If you have a preferred/self-managed user with subordinate ID mappings already
configured, you can provide that username or uid to the `--userns-remap` flag.
If you have a group that doesn't match the username, you may provide the `gid`
or group name as well; otherwise the username will be used as the group name
when querying the system for the subordinate group ID range.
### Detailed information on `subuid`/`subgid` ranges
Given potential advanced use of the subordinate ID ranges by power users, the
following paragraphs define how the Docker daemon currently uses the range entries
found within the subordinate range files.
The simplest case is that only one contiguous range is defined for the
provided user or group. In this case, Docker will use that entire contiguous
range for the mapping of host uids and gids to the container process. This
means that the first ID in the range will be the remapped root user, and the
IDs above that initial ID will map host ID 1 through the end of the range.
From the example `/etc/subid` content shown above, the remapped root
user would be uid 165536.
If the system administrator has set up multiple ranges for a single user or
group, the Docker daemon will read all the available ranges and use the
following algorithm to create the mapping ranges:
1. The range segments found for the particular user will be sorted by *start ID* ascending.
2. Map segments will be created from each range in increasing value with a length matching the length of each segment. Therefore the range segment with the lowest numeric starting value will be equal to the remapped root, and continue up through host uid/gid equal to the range segment length. As an example, if the lowest segment starts at ID 1000 and has a length of 100, then a map of 1000 -> 0 (the remapped root) up through 1100 -> 100 will be created from this segment. If the next segment starts at ID 10000, then the next map will start with mapping 10000 -> 101 up to the length of this second segment. This will continue until no more segments are found in the subordinate files for this user.
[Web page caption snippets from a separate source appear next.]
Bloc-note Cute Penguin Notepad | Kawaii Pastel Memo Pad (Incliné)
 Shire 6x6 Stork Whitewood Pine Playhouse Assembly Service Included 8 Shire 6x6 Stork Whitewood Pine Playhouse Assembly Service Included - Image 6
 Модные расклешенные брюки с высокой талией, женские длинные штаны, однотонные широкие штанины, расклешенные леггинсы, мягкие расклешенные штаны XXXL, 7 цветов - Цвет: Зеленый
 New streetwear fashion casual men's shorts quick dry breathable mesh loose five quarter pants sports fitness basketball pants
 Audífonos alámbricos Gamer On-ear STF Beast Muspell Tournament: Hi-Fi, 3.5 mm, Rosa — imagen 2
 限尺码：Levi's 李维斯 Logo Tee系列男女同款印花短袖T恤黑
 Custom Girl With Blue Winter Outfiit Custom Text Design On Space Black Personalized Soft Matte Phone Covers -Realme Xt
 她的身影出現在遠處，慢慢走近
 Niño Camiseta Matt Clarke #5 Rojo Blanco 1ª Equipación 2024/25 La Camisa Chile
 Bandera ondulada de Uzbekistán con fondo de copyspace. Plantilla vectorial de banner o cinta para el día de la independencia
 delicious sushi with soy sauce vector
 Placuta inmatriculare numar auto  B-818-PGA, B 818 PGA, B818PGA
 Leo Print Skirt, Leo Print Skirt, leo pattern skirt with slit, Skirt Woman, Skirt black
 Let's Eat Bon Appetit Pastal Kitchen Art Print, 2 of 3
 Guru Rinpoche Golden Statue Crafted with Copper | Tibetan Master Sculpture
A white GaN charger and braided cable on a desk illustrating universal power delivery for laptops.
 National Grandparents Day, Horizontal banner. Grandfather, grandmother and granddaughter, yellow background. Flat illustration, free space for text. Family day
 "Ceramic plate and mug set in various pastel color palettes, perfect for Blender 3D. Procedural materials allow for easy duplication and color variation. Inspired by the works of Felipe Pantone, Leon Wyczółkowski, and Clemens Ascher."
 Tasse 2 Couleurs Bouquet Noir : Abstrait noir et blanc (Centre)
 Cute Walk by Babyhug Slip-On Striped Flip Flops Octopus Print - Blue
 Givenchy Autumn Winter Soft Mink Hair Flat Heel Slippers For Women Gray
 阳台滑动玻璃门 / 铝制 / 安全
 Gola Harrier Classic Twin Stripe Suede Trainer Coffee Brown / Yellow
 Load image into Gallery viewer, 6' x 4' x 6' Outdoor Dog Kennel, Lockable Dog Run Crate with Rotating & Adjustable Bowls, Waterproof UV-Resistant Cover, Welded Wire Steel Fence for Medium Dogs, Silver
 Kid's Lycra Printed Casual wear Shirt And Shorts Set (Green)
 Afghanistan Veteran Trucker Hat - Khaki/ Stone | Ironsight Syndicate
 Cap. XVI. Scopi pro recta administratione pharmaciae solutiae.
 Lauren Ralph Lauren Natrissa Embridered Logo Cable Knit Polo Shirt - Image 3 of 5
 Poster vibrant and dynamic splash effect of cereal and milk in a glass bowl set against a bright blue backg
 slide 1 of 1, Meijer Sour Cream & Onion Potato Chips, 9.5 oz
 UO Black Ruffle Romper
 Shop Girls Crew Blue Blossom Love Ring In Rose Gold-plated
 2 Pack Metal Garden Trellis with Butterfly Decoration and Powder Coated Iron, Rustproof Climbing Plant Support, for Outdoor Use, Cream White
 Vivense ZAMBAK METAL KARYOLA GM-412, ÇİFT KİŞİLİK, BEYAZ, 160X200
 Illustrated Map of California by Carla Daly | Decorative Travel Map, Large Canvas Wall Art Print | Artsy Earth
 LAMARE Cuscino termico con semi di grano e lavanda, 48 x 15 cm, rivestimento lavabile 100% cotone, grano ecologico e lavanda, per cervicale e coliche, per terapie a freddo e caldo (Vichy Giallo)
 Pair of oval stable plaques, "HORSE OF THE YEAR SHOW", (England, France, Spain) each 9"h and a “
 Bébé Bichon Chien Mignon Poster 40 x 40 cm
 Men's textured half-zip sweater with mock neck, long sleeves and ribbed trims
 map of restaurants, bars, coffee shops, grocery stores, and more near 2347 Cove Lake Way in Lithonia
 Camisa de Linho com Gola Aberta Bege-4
3. If more than five range segments exist for a single user, only the first five will be utilized, matching the kernel's limitation of only five entries in `/proc/self/uid_map` and `proc/self/gid_map`.
### User namespace known restrictions
The following standard Docker features are currently incompatible when
running a Docker daemon with user namespaces enabled:
- sharing PID or NET namespaces with the host (`--pid=host` or `--net=host`)
- sharing a network namespace with an existing container (`--net=container:*other*`)
- sharing an IPC namespace with an existing container (`--ipc=container:*other*`)
- A `--readonly` container filesystem (this is a Linux kernel restriction against remounting with modified flags of a currently mounted filesystem when inside a user namespace)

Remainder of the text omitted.